JP2554066B2 - Intermetallic compound particle dispersion-reinforced die-cast composite material and method for producing the same - Google Patents

Description

TECHNICAL FIELD The present invention relates to an intermetallic compound particle dispersion-reinforced die casting composite material and a method for producing the same.

[Prior Art] AlNi-based intermetallic compound powder is a powder having high resistance to oxidation and high hardness, and has good wettability with an Al-Ni-based matrix material of the same type and is also excellent in stability. However, since the intermetallic compound powder is dissolved in a short time when directly added to a conventional aluminum alloy molten metal such as Al-Si alloy, the intermetallic compound particle dispersion-strengthened metal composite material is sintered. Are manufactured by.

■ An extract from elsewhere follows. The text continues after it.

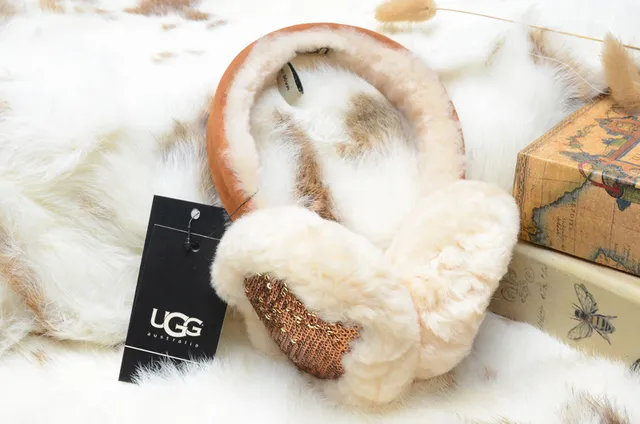 Pink Gold Plush Faux-Fur Exterior Sequined Interior Panel Beanie 12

In the conventional sintering method, the intermetallic compound powder is added to the fine metal powder of the matrix phase, mechanically agitated and mixed, press-molded, and heat-sintered to form an intermetallic compound particle dispersion-strengthened composite. A material is manufactured, and a product obtained by heating and sintering is manufactured with an extruder and a rolling machine.

[Problems to be Solved by the Invention] However, in the conventional sintering method, the intermetallic compound powder and the mother alloy powder are mechanically stirred and mixed, but the intermetallic compound powder is added to the matrix alloy powder. It was difficult to uniformly disperse and mix the particles because of agglomeration between particles and a difference in specific gravity.

Further, since oxidation is involved in press molding and heat sintering, an oxidation preventing means and device are required in the process of heat sintering, and therefore, there are restrictions in terms of dimensional accuracy and strength. Since it also has a considerable problem in terms of cost, it is difficult to mass-produce the particle-dispersed alloy at low cost.

Therefore, there is a demand for an intermetallic compound particle dispersion-strengthened metal composite that can be obtained by a simple method, and that the intermetallic compound particles are sufficiently uniformly dispersed in the master alloy and have excellent mechanical properties. It was

The object of the present invention is to solve the above problems, and in the past it was considered impossible to add the intermetallic compound powder directly into the molten metal because it would dissolve when added to the mother alloy molten metal. What was used to do so is to cast AlNi and Al ₃ N using a die casting machine.
Directly add one or more intermetallic compound powders selected from i, Al ₃ Ni ₂ and AlNi ₃ to Al-3.5 to 8.0 wt% Ni-3.0 to 8.0 wt%
It can be added to the molten Mg alloy and the intermetallic compound particles can be uniformly dispersed in the matrix without being dissolved by mechanical stirring for a short period of time, which allows excellent mechanical properties without reducing ductility. It was found that an intermetallic compound particle dispersion-reinforced die-cast composite material having the above can be realized, and the present invention was completed.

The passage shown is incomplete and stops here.